Neil Diamond was third, with 13,073 fans, 59% from outside Dunedin, tipping in $3.6million.

The results were based on surveys sent to ticket-holders after each show, which also showed the majority of fans for each show came from around the South Island, mainly from Canterbury, other parts of Otago and Southland.

"What has happened in the last 12 months is from being a high-risk venue to bring international content, we're now at the forefront,'' Mr Davies said.

"After this round of ticket sales, promoters are suggesting this [major concerts] might be a regular occurrence here.

"That's a consistent conversation with all the major promoters,'' he said.

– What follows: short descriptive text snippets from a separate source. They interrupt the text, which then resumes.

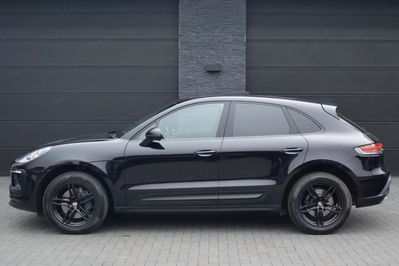 Porsche Macan T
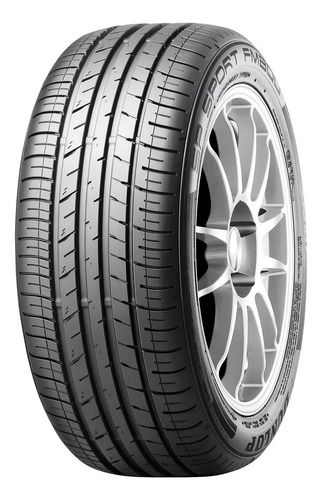 Pneu 185/60 R15 Dunlop Sp Sport Fm800 88h - Novo Qualidade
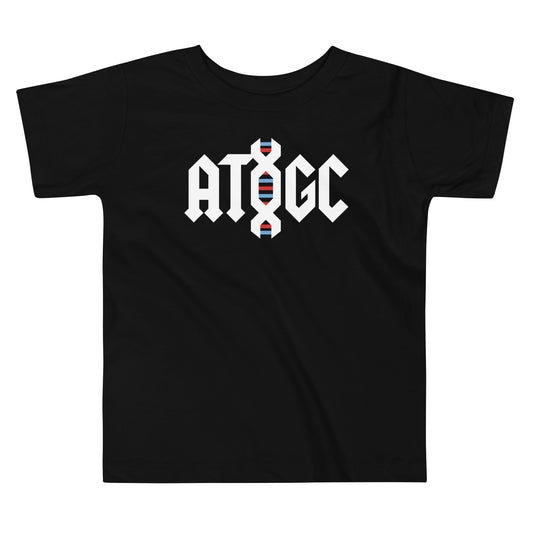 ATGC DNA Kid's Toddler Tee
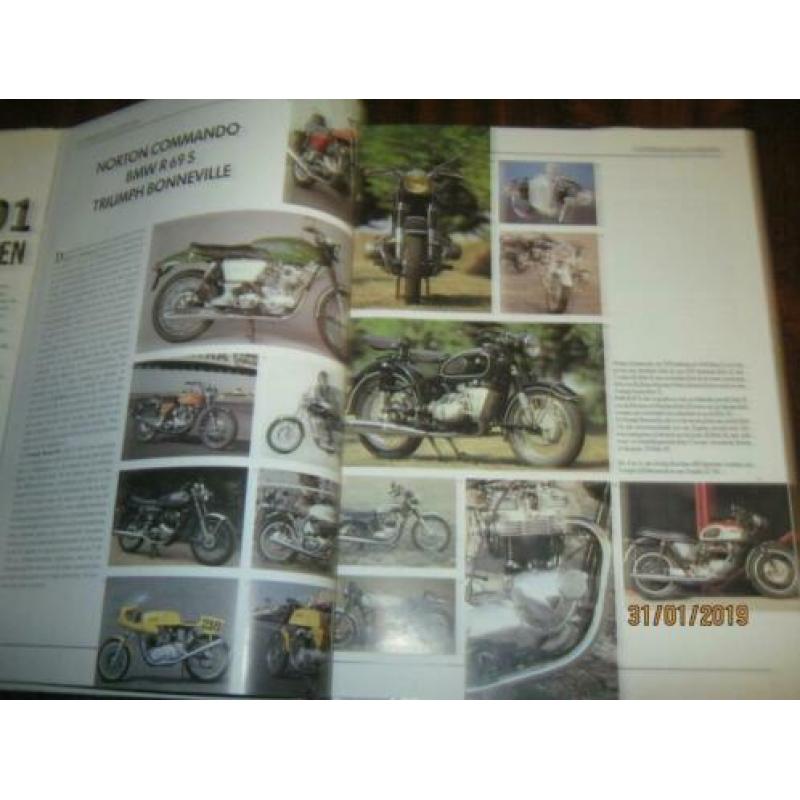 Rebo 1001 motoren boek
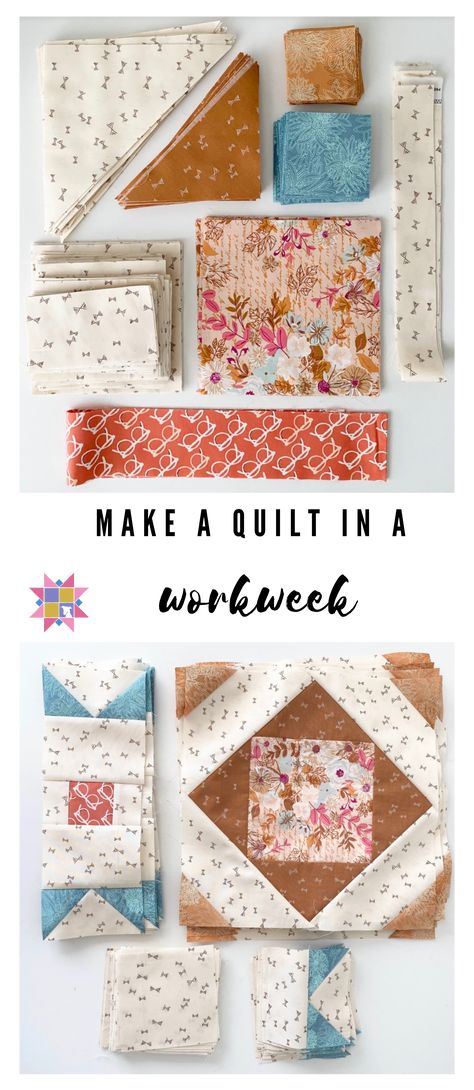 Quilt Patterns Blanket, How To Create Your Own Quilt Pattern, Random Block Quilts, Quick Quilts Easy, Handsewn Quilts For Beginners, Quilts Patterns Beginner, Sewing Patterns Quilts, Beginner Hand Quilting Projects, First Time Quilters Easy Quilts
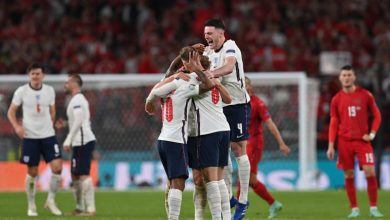 Photo of video | EURO 2020: Anglia, în finală după ce a învins Danemarca în prelungiri. Golul decisiv a venit după un penalty controversat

The results - particularly in attracting nearly 50,000 fans to two concerts less than a month apart - were something DVML and the city should be "very satisfied with'', he said.

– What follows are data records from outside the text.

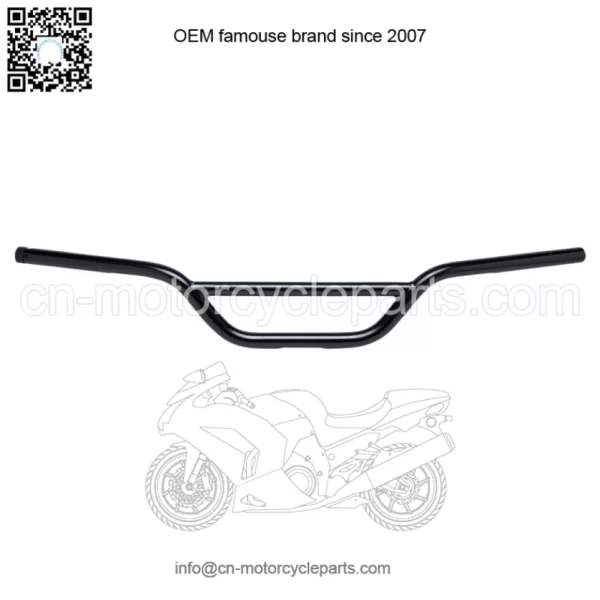 1" Handlebar w/ TBW Plugs Moto 6016-2017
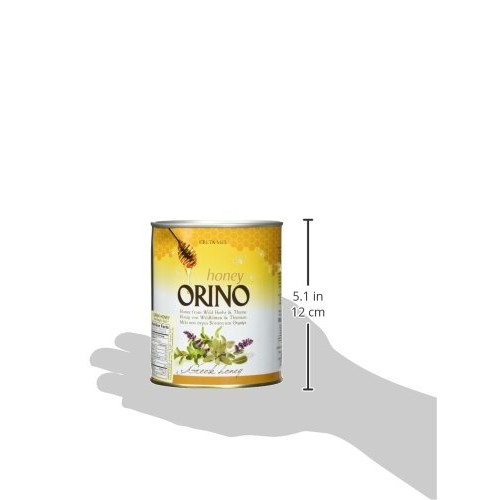 Honey With Thyme, Orino, 900G Can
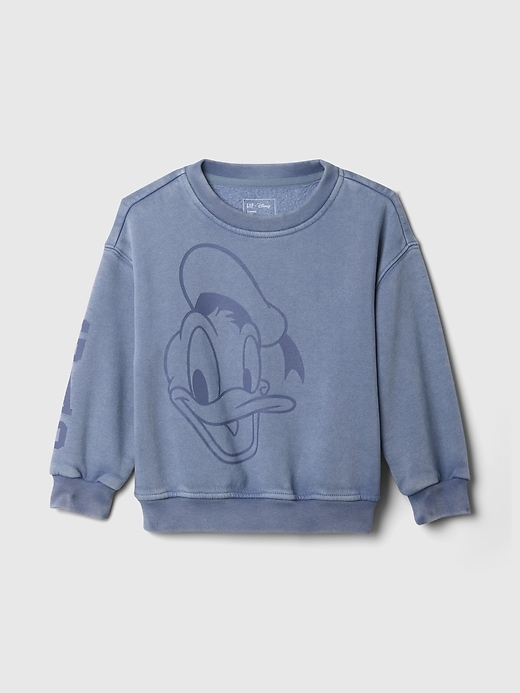 Image number 1 showing, Gap × Disney Baby Vintage Soft Graphic Sweatshirt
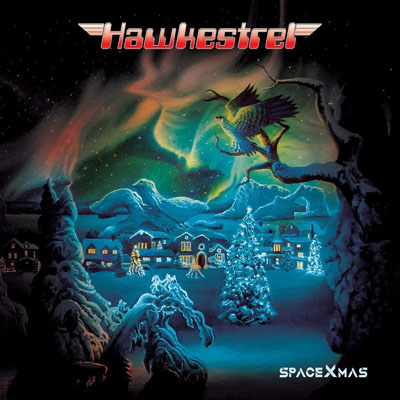 Hawkestrel - Space Xmas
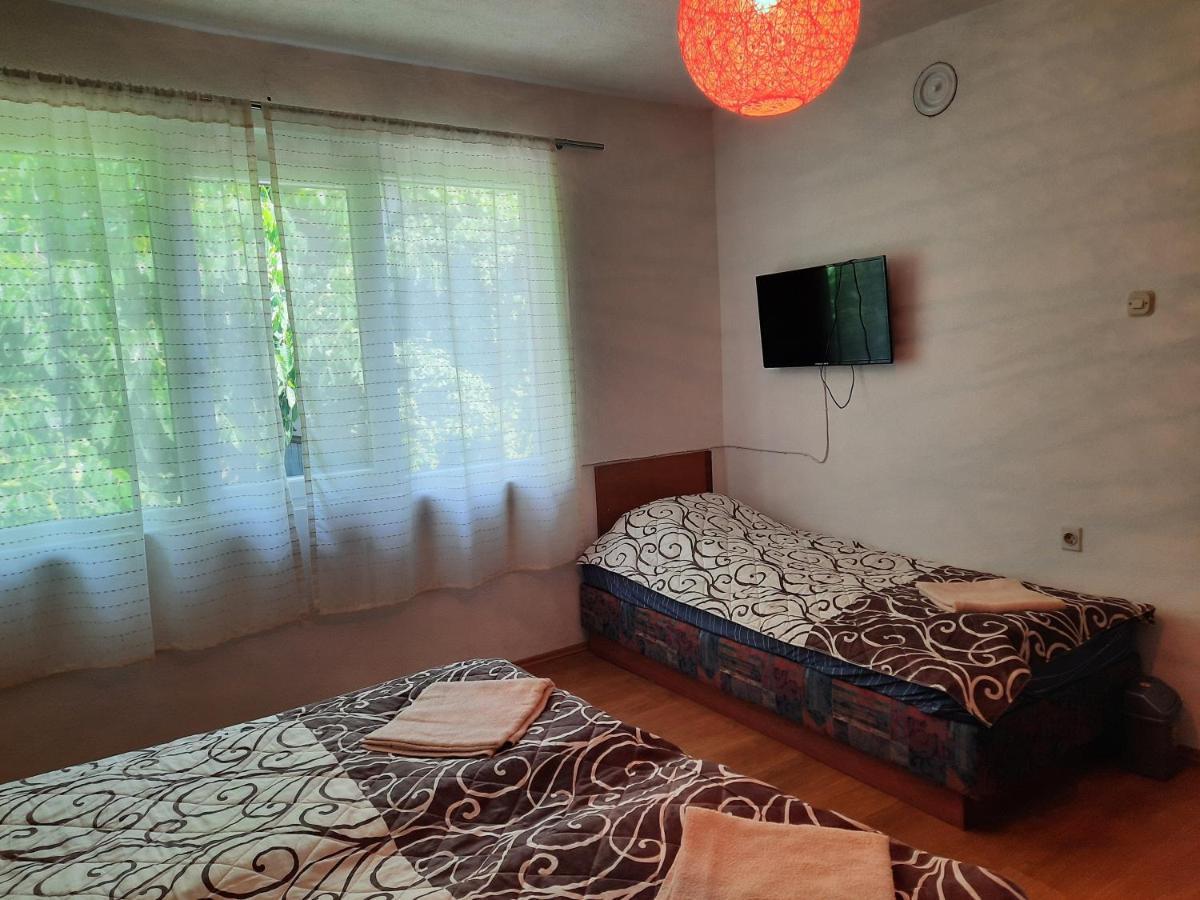 Bajam Apartments Ohrid Exterior foto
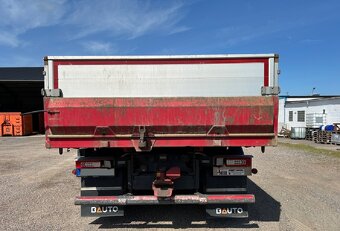 Volvo FMX 410 6x2 sklápěč s hydraulickou rukou - 5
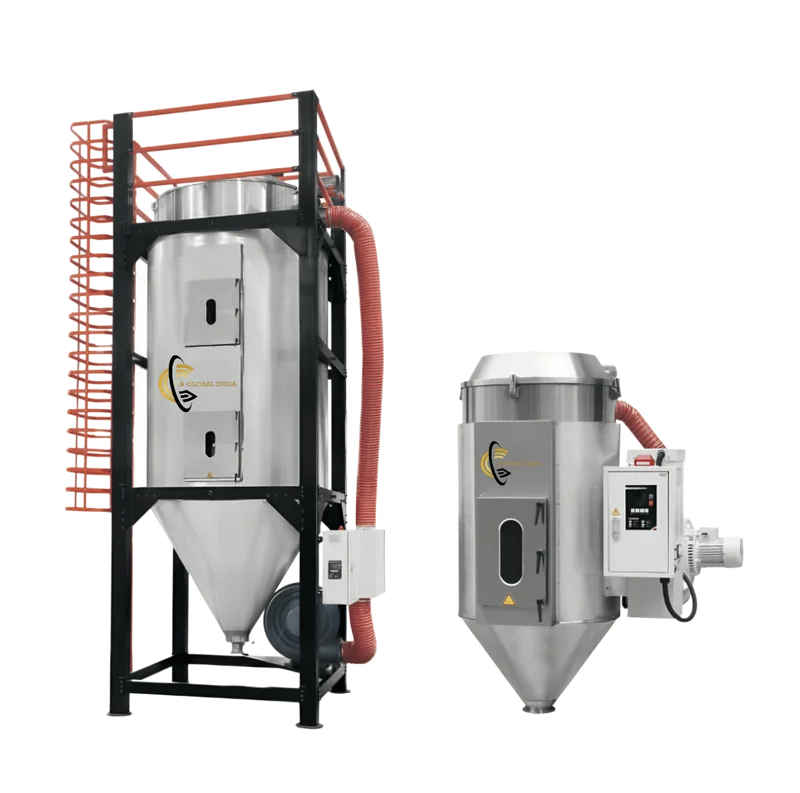 Euro-Hopper Dryer NG Series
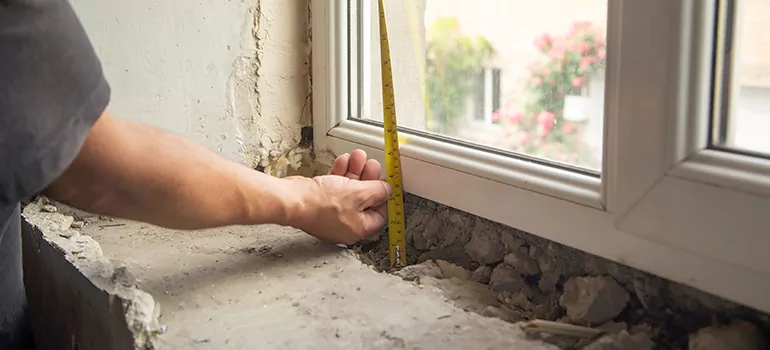 Window Sill Without Apron in West Palm Beach, FL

Dunedin Mayor Dave Cull agreed, saying the "world-class'' venue was delivering big crowds, as well as big acts, to the city.

"As well as the obvious economic benefits, it is great to be able to welcome so many visitors to the city as a result.''

The stadium remained a controversial project for some, with lingering questions about its ability to deliver without an annual injection of $11.65million in ratepayer funding.

But Mr Davies said the results showed ratepayers were getting something for their money.

"The reality with this is without the roofed stadium ... the city wouldn't have had that content coming through. That's pretty obvious.

"The stadium's up. It's here, and to deliver those sorts of results, and if we can deliver it again in 2016-17, or better, that'll be great.''

The benefits of the roof were underscored during recent weather-affected concerts when thousands of Fleetwood Mac fans were soaked in Auckland, and AC/DC retreated from the stage for nearly an hour in Wellington, he said.

"We're delivering a great experience for the artists [and] for the punters. It's an easy experience for the production crews.

"A conversation 12 months or 18 months ago, about us hosting two or three shows of 30,000-plus, would've just been fanciful. Now it's absolutely real.''

Mr Davies declined to say which acts were being targeted beyond Black Sabbath's show next April, but signs were promising for the second half of 2016 and into 2017.